Colpisce in questo messaggio

È sorprendente che la sicurezza idrica venga spesso raccontata come una questione di infrastrutture, mentre il nuovo indice mira a rendere visibili le debolezze tra infrastrutture, governance e resilienza alle crisi. Un tubo, una pompa o un WC è sostenibile solo se il sistema che lo circonda continua a funzionare: finanziamento, manutenzione, controllo di laboratorio, normative, personale, qualità dei dati e risposta alle emergenze.

Contesto meno visibile

È meno evidente che la politica WASH è anche una questione di potere. Chi decide quale comunità è vulnerabile? Sono incluse le conoscenze locali o principalmente dati che i governi e le organizzazioni internazionali possono già facilmente fornire? E cosa succede ai paesi che ottengono punteggi scarsi ma non hanno spazio fiscale per rimediare alle proprie debolezze? Un indice può stabilire le priorità in modo più equo, ma aumenta anche il rischio che i problemi contino solo una volta inseriti in un dashboard internazionale.

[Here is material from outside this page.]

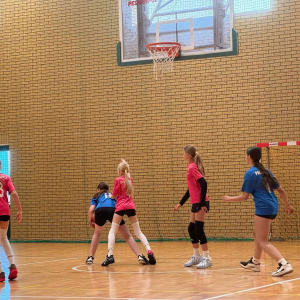 Finałowy mecz ze Szkołą Podstawową nr 4 w Rawiczu – Skład SP3: Amelia Wawrzyniak, Jagoda Wawrzyniak, Weronika Wawrzyniak, Julia Wojtkowiak – fot. 4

Possibile messaggio dietro la notizia

Un possibile messaggio è che il Global WASH Sector Resilience Index aiuterà il mondo a vedere meglio dove i sistemi idrici e igienico-sanitari sono vulnerabili. La lettura MOZOM più nitida: l’indice acquista valore solo se non si esaurisce con la classificazione e il reporting, ma con il mantenimento, la supervisione, il finanziamento e la protezione delle persone che già sopportano il rischio maggiore.

Conclusione neutrale

La conclusione neutrale: l’agenda delle Nazioni Unite porterà il Global WASH Sector Resilience Index sulla scena internazionale il 9 luglio 2026. La conclusione MOZOM: la misurazione può essere un inizio, ma non un punto finale. Un settore idrico vulnerabile non diventa più forte perché appare in un cruscotto, ma perché poi si muovono la politica, il denaro e l’attuazione.